The lab, headed by 30-year veteran John Dargel, can process 16mm and 35mm negative and their ‘Super’ variants as well as the rarer 8mm, 16mm and 35mm reversal stocks. It is located in Northwest’s new facility on Gilmore Way, while the firm’s post audio and video suites remain at the Columbia Street location.
Features that have come to the new lab include the Stephen King adaptation Riding the Bullet and the baseball buddy sequel The Sandlot 2, starring James Earl Jones.
-www.nwfx.com
Keyframe crosses finish line on Crazy Canucks
Digital animation and FX studio Keyframe Digital Productions, out of the unlikely locale of picturesque Niagara-on-the-Lake, ON, recently wrapped all FX on Crazy Canucks, directed by Randy Bradshaw. The MOW, which tells the story of Canada’s 1970s Canadian World Cup downhill skiers, including Dave Reid, who cowrote the source book, is an Alberta Filmworks production to air on CTV early next year.

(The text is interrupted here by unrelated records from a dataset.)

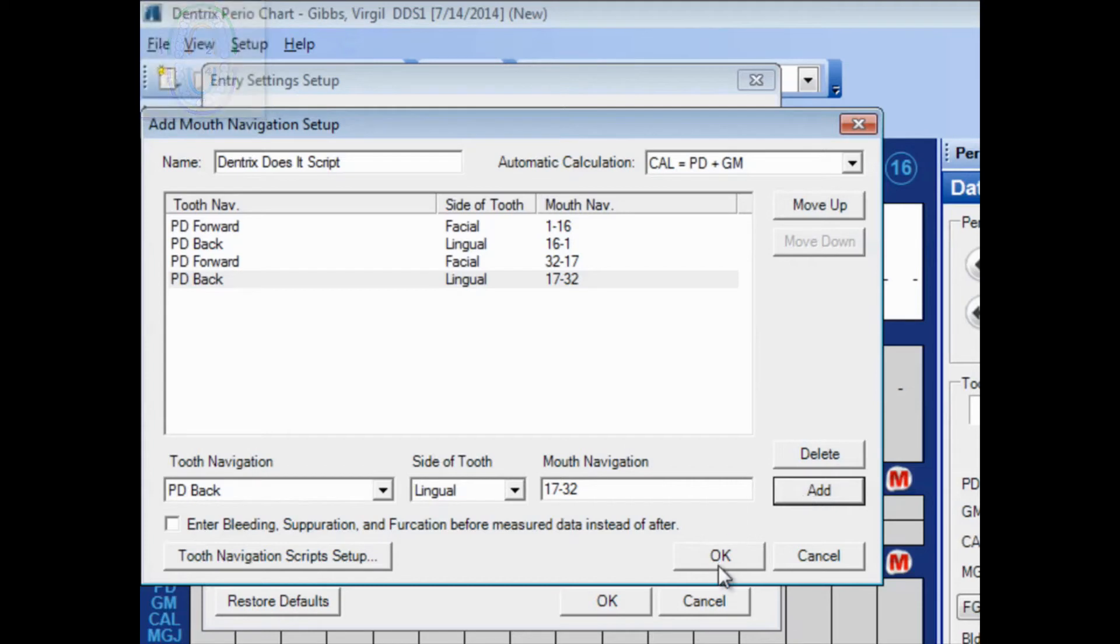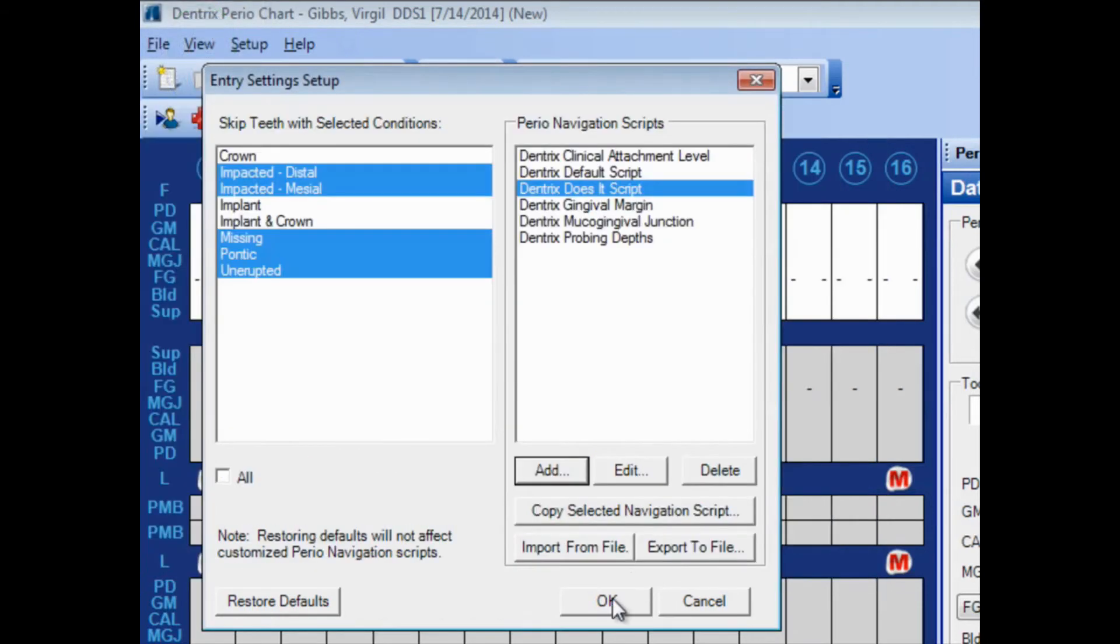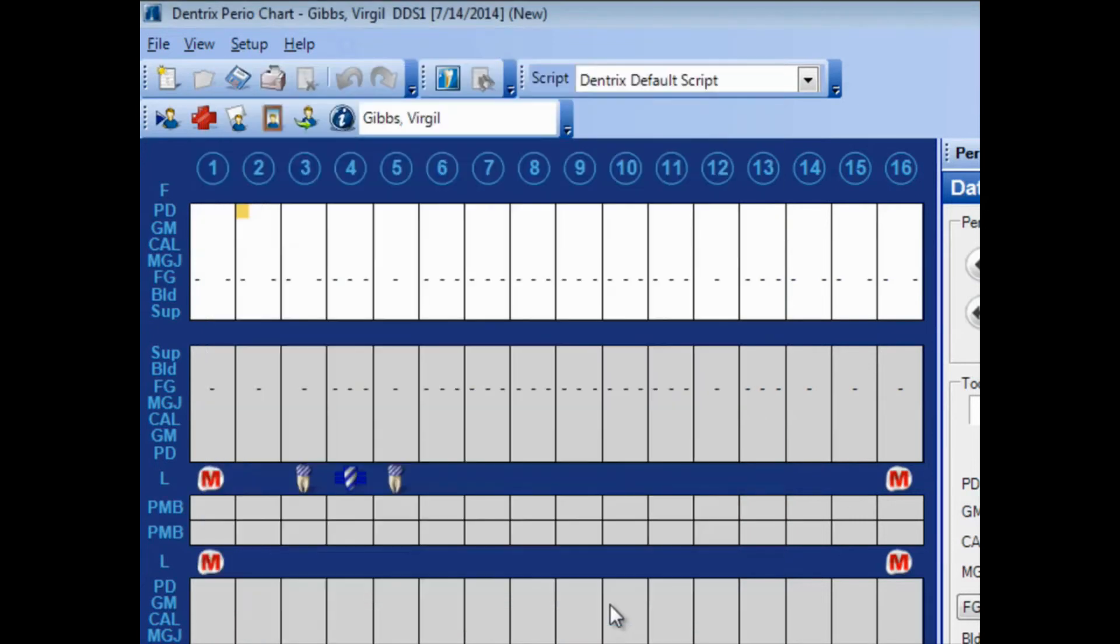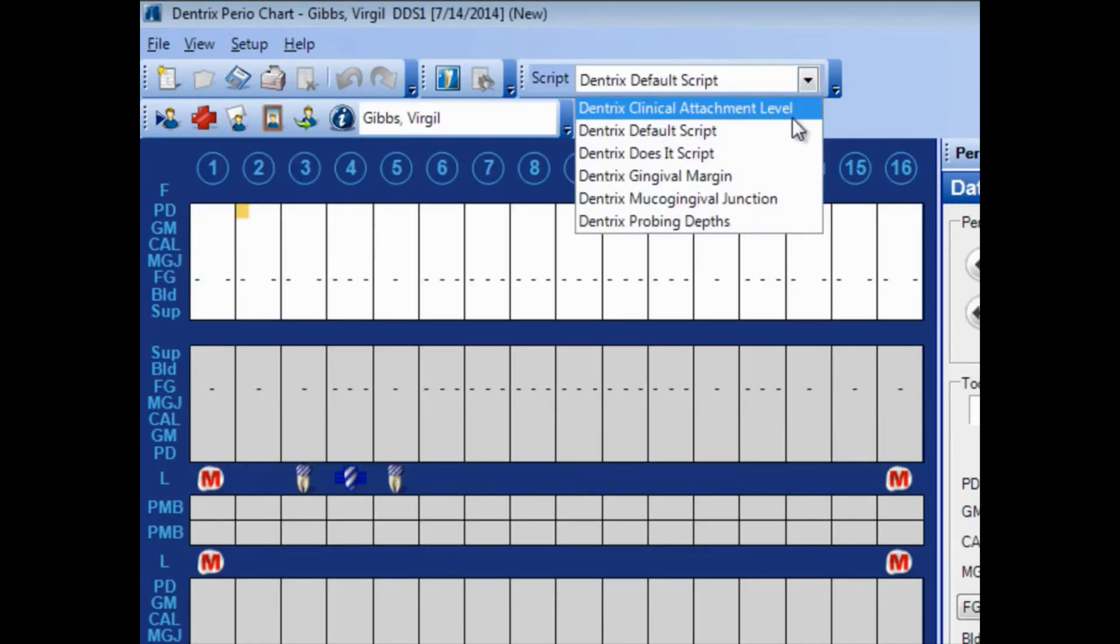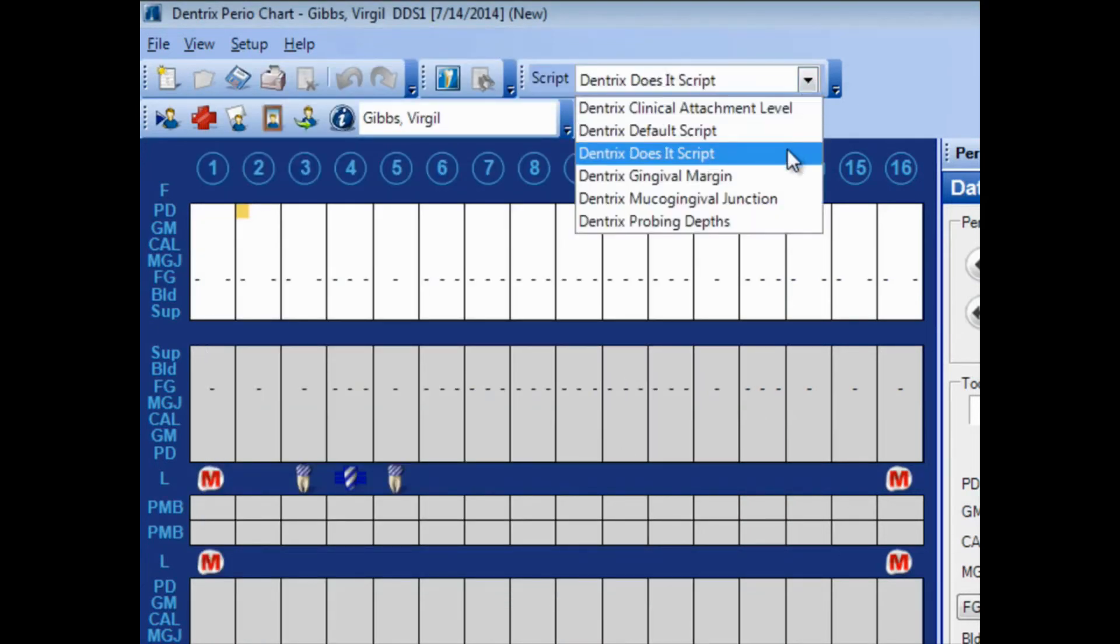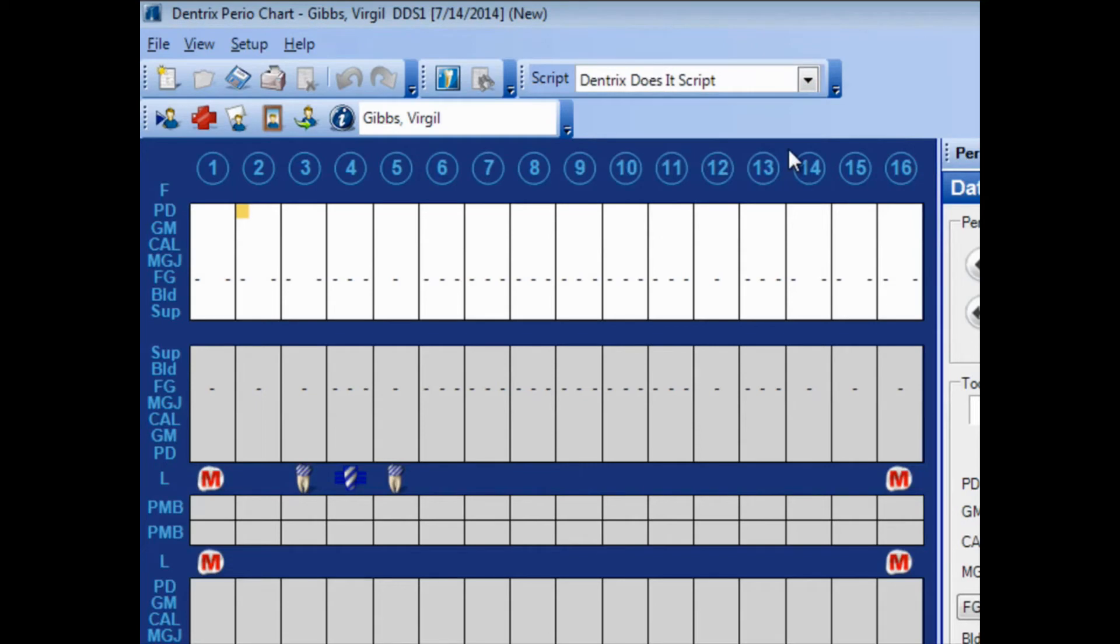Now I'll click OK. My script is part of this. Click OK. I could now pull this menu down, choose the script, and this station will remember that script until I change it again.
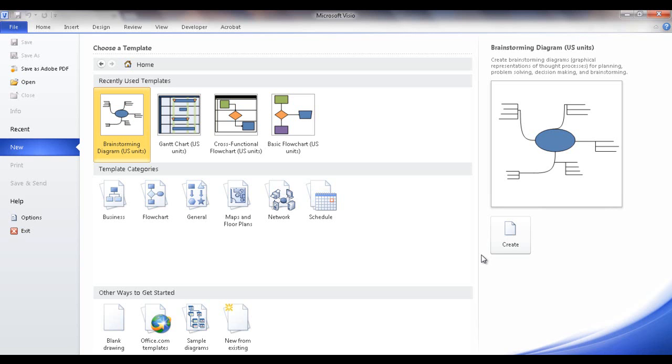Hi, in this session I'm going to show you how to create a brainstorming diagram in Visio 2010. Now some people would also consider this as a mind map and eventually maybe a process map. So let's see how we can create one.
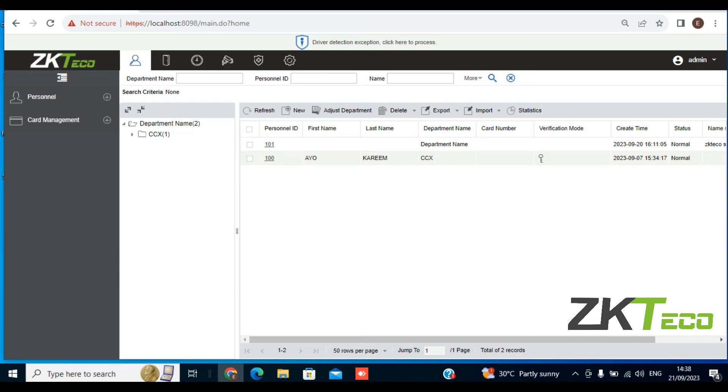Today I'm going to show you how to set up custom attributes on ZKBioAssets IDS. In case you're wondering what custom attributes is all about, let's take for instance in your organization, except from basic fields...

Keyframe, cofounded by Clint Green and Darren Cranford, was asked to do CGI composites of a 1970s period French rescue helicopter, mountain scenery, and set and crowd extensions. The shop says that recreating the races’ large crowds was a particular challenge, some shots requiring a 3D tracking system to help with adding the spectators to moving camera plates. Keyframe relied on Discreet 3ds max software to animate the crowds, and Discreet combustion for compositing. The MOW will be broadcast in HD.
The studio also completed all FX on season three of the Global action series Mutant X. It marks the shop’s third year on the series, and the second in which it has handled all FX, which has meant 100-plus shots per ep.
-www.keyframe.ca
Triangle cuts Black
Celebrating its 10th anniversary, Toronto TV editing and design house triangle recently performed online and offline on the hot doc Citizen Black, which takes a look at the personal and business life of embattled media baron Conrad Black.
The film, from Toronto’s Persistence of Vision Productions, preemed at the recent Montreal World Film Festival, and so many patrons were turned away from a recent screening at Toronto’s Bloor Cinema that five more nights will be booked, says producer Rick Caine.
Citizen Black marks the third feature triangle senior editor Bill Towgood has cut for Caine and director Debbie Melnyk. For this project, which has secured broadcast deals in far-off lands, triangle had to create widescreen 16:9 and 4:3 masters to satisfy the demands of the festival circuit as well as TVO, BBC and SBS Australia.
-www.trianglestudios.com
Dandelion sprouts in Toronto
Industry veteran Michael Belanger has recently opened Dandelion Editing, a new post facility in Toronto. Belanger is a past staffer at Eyes Post, and his broadcast credits include projects for CBC, TVO, W Network, PBS and Thames Television.
Belanger reports that he is currently busy with high-end corporate clients such as Mercedes-Benz Canada, but is eyeing a return to the broadcast sphere, with plans to be HD-enabled by late 2004/early 2005.
Belanger is a one-man band, getting hands-on with offline and online editing, compositing, graphics, 2D and 3D animation as well as web design. ‘That’s the nature of the beast these days,’ he says.
Dandelion is also equipped for post audio, with suites Belanger built himself.